El teatro de Buenos Aires vive desde mediados de los ochenta un proceso de renovación y multiplicación de poéticas que ha adquirido rápido reconocimiento en el campo teatral argentino y ha captado buenas dosis de atención en la escena mundial. Entre las variadas manifestaciones surgidas tras la dictadura militar (1976-1983), la de Rafael Spregelburd es una de las expresiones más originales y constituye una singular respuesta a los desafíos que ha planteado al pensamiento la última Modernidad.
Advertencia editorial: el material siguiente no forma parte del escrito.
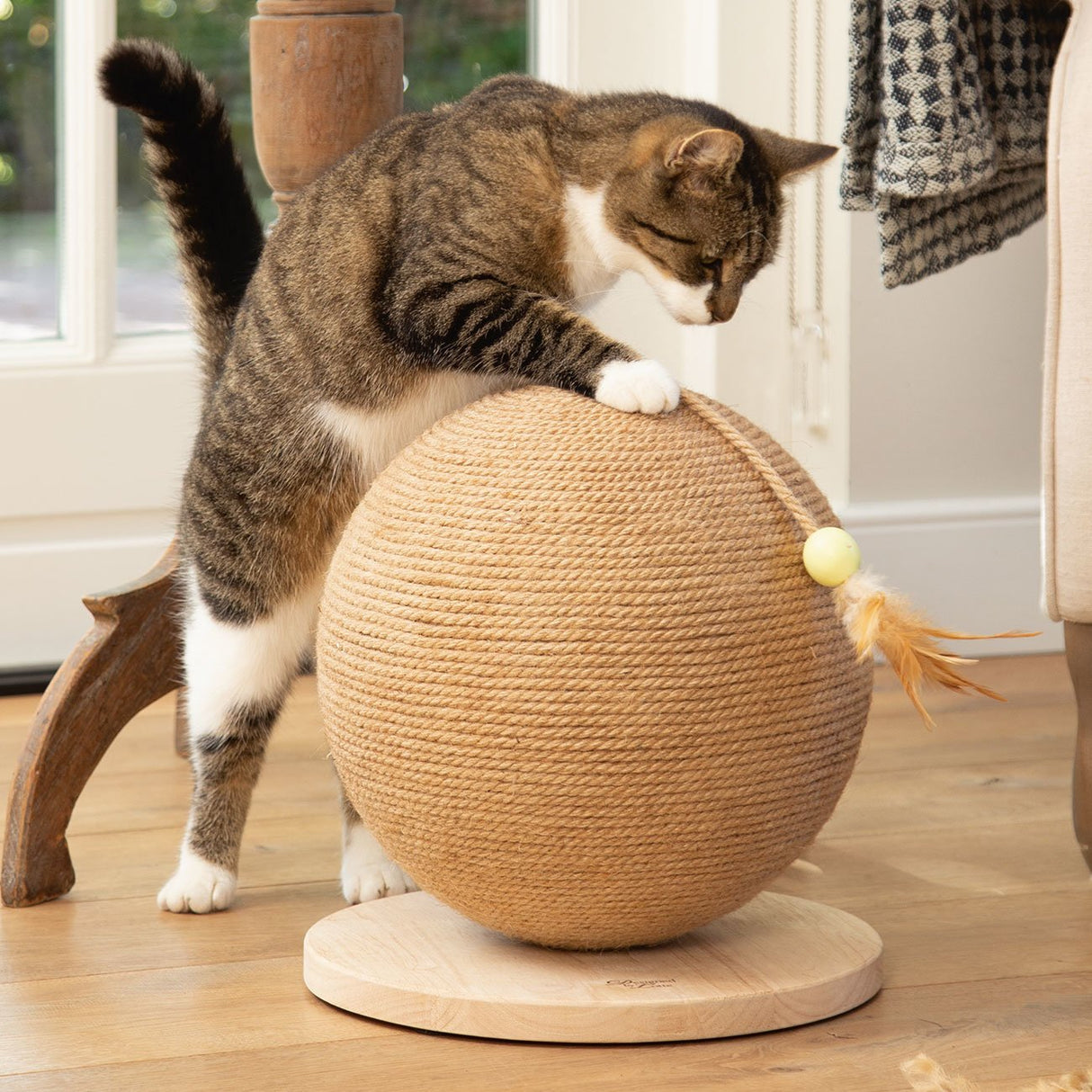 Kratzball Balty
Ante las actuales determinaciones históricas, ante “el mercado de los medios, con una realidad cotizando a la baja” (Cornago 22), ante una realidad social y política que se convierte en espectáculo, o mejor, un espectáculo social y político que pasa por real, las tendencias más innovadoras del arte emprenden la resistencia exhibiendo el mecanismo de los propios lenguajes, volviendo visibles los medios de representación que los sistemas de poder hacen funcionar de forma transparente, acechando la presencia de las cosas que suelen quedar ocultas tras los actos de simulación, haciendo de su oposición un continuo devenir para escapar a cualquier síntesis totalizante e idea estable de unidad, o para decirlo con Óscar Cornago:

Antes que añadir una representación más a la historia de la cultura, de las representaciones y las imágenes, incluso si se trata de una representación crítica, el arte de hoy parece optar por hacer una representación menos, restar una representación –como diría Deleuze– a la historia de las representaciones, de los sistemas de poder; construir el espacio de un vacío, una práctica de desestabilización para desde ahí seguir resistiendo, seguir oponiéndose a cualquier forma de lenguaje mayoritario, sistema estable o modo de representación consolidado (24).
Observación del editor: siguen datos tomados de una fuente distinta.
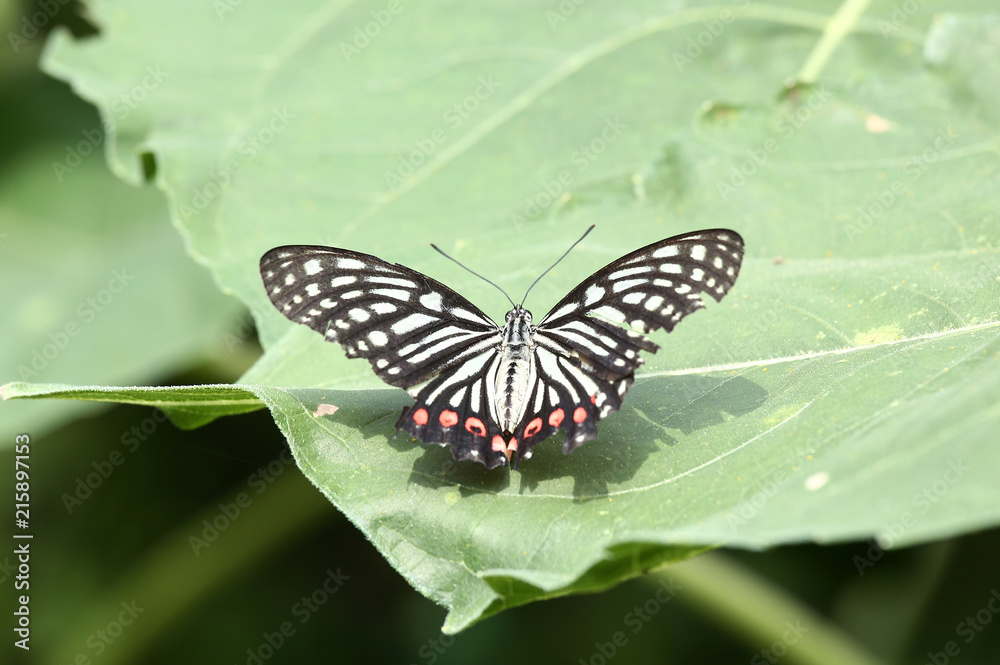 アゲハチョウ アゲハチョウ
Involucrada con este clima cultural y vinculada a las líneas de pensamiento que siguieron al intenso examen lingüístico del Estructuralismo, la obra de Rafael Spregelburd se asoció en los primeros noventa a lo que se percibía como la aparición de una “nueva dramaturgia”. Pero giró de inmediato hacia los modos de producción más representativos de este último tramo de la historia del teatro argentino: la integración de las labores de escritura, dirección y actuación como procesos estrechamente ligados, e indisociables incluso. Trabajando como “un actor que se escribe las obras en las que le gustaría actuar” (Abraham, “La difícil tarea de no representar”) –así se define él mismo– y también como un director que compone los textos con los ojos puestos ya en la escena, Spregelburd ha venido generando una obra abundante y muy personal[1], que suma a la práctica del teatro la permanente indagación teórica y promueve una aguda reflexión sobre el acto mismo de representar y la “condición escénica” de la cultura.